コラム:編集長コラム 映画って何だ? - 第46回
2022年3月28日更新
アカデミー賞授賞式雑感。「劇場公開か配信か」という議論はもはや意味がない
3月28日(日本時間)、米アカデミー賞授賞式が行われました。昨年は変則的な開催となりましたが、今年はフランチャイズのドルビーシアターに戻り、フルキャパでゲストを入れての開催となりました。

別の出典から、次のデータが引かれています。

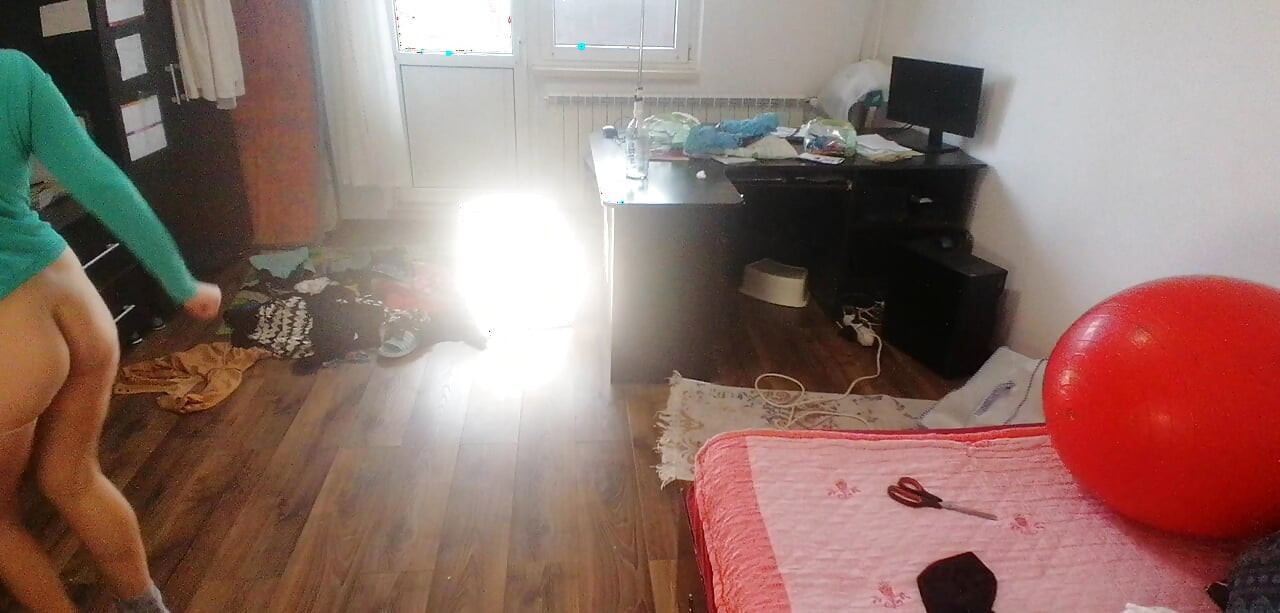 Sexy esposa baila desnuda en casa.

例年同様、私はWOWOWの中継を自宅で見ていましたが、午前9時に主要部門の発表が始まって、12時30分過ぎにはすべて終了というスケジュールでした。ただし、全23部門のうち、作曲賞、美術賞、メイクアップ&ヘアスタイリング賞、編集賞、音響賞、短編映画賞、短編ドキュメンタリー賞、短編アニメ賞の8部門の発表は授賞式に先立って行われ、本番ではダイジェスト形式での発表となったのが大きな変更点です。
結果は概ね想定内でした。作品賞は、「コーダ あいのうた」と「パワー・オブ・ザ・ドッグ」のどちらかと予想していましたが、賞レース最終盤で勢いに乗った「コーダ あいのうた」が逆転で勝利といった感じでしょうか。「パワー・オブ・ザ・ドッグ」は11部門12ノミネートと最多ノミネートながら、わずか1部門しか受賞できませんでした。ただ、その唯一の部門がジェーン・カンピオンの監督賞です。昨年のクロエ・ジャオ(「ノマドランド」)に続いて2年連続で女性監督がこの部門で受賞したのは、非常に素晴らしい結果だと思います。また「コーダ あいのうた」も、女性監督シアン・ヘダーの監督&脚本ですから、作品賞も2年連続女性監督の作品ということになります。

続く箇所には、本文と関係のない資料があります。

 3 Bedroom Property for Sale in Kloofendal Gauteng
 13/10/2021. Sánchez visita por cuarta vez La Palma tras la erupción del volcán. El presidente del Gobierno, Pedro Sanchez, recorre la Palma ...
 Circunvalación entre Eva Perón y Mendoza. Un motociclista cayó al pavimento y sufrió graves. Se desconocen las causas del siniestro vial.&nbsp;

スタジオ別に受賞作を集計すると、ワーナー・ブラザースが7部門(「DUNE デューン 砂の惑星」6、「ドリームプラン」1)、ディズニーが6部門(「タミー・フェイの瞳」2、「ウエスト・サイド・ストーリー」1など)、Appleが3部門(「コーダ あいのうた」3)というのがトップ3です。今回、配信プラットフォームの作品「コーダ あいのうた」が作品賞を受賞したのは、「オスカーの歴史の転換点だ」という意見をよく耳にしますが、ワーナー・ブラザースにしてもディズニーにしても、それぞれ自前の配信プラットフォームを展開しており、「劇場公開か配信か」という議論はもはや意味をなさないと感じました。
日本市場においては、「ドライブ・マイ・カー」が国際長編映画賞を、そして「コーダ あいのうた」が作品賞を受賞したことは興行者にとって最良の結果です。北米では配信のみでしか見られない「コーダ あいのうた」は、日本では劇場公開中です。「ドライブ・マイ・カー」も昨年の8月からずっと上映中で、アカデミー賞効果もあって、今週は興行ランキングのトップ10まで浮上しています。両作品とも、明日からもっと多くのお客さんが映画館で鑑賞することは間違いありません。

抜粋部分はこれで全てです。